Agronomy and Horticulture Department


Date of this Version



Widener S, Graef G, Lipka AE and Jarquin D (2021) An Assessment of the Factors Influencing the Prediction Accuracy of Genomic Prediction Models Across Multiple Environments. Front. Genet. 12:689319. doi: 10.3389/fgene.2021.689319




The effects of climate change create formidable challenges for breeders striving to produce sufficient food quantities in rapidly changing environments. It is therefore critical to investigate the ability of multi-environment genomic prediction (GP) models to predict genomic estimated breeding values (GEBVs) in extreme environments. Exploration of the impact of training set composition on the accuracy of such GEBVs is also essential. Accordingly, we examined the influence of the number of training environments and the use of environmental covariates (ECs) in GS models on four subsets of n = 500 lines of the soybean nested association mapping (SoyNAM) panel grown in nine environments in the US-North Central Region.
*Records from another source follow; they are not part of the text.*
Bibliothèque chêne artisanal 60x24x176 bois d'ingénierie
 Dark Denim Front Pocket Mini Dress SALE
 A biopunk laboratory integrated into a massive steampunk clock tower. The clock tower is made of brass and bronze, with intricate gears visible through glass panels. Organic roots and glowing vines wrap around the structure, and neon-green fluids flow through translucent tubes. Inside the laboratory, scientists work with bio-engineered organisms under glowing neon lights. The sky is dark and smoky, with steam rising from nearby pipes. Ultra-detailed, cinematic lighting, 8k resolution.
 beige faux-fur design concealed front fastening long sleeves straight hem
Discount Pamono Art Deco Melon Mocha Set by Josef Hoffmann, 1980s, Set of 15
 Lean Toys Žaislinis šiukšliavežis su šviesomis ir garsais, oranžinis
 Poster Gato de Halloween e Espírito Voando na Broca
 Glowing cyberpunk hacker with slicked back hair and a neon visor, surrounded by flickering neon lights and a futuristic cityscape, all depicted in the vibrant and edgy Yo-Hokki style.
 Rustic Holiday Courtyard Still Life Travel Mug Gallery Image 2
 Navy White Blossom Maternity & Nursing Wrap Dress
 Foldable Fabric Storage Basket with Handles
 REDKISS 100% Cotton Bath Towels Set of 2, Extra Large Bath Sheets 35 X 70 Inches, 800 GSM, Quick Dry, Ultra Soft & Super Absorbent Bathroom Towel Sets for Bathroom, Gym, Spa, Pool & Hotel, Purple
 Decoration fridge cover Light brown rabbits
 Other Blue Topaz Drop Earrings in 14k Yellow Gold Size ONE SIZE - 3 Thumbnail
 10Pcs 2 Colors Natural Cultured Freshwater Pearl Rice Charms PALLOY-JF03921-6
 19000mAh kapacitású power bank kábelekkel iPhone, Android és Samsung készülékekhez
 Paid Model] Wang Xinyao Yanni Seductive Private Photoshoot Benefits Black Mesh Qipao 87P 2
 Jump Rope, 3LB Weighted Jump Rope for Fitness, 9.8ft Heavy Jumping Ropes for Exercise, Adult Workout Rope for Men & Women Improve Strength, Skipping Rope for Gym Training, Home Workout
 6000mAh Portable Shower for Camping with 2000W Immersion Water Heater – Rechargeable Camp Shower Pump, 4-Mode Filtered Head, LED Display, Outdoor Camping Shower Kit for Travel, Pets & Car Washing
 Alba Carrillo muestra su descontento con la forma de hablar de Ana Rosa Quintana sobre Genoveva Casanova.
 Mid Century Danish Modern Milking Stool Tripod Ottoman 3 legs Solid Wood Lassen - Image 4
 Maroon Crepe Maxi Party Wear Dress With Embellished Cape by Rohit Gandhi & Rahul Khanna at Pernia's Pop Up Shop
The ensuing analyses provided insights into the influence of both of these factors for predicting grain yield in the most and the least extreme of these environments. We found that only a subset of the available environments was needed to obtain the highest observed prediction accuracies. The inclusion of ECs in the GP model did not substantially increase prediction accuracies relative to competing models, and instead more often resulted in negative prediction accuracies. Combined with the overall low prediction accuracies for grain yield in the most extreme environment, our findings highlight weaknesses in current GP approaches for prediction in extreme environments, and point to specific areas on which to focus future research efforts.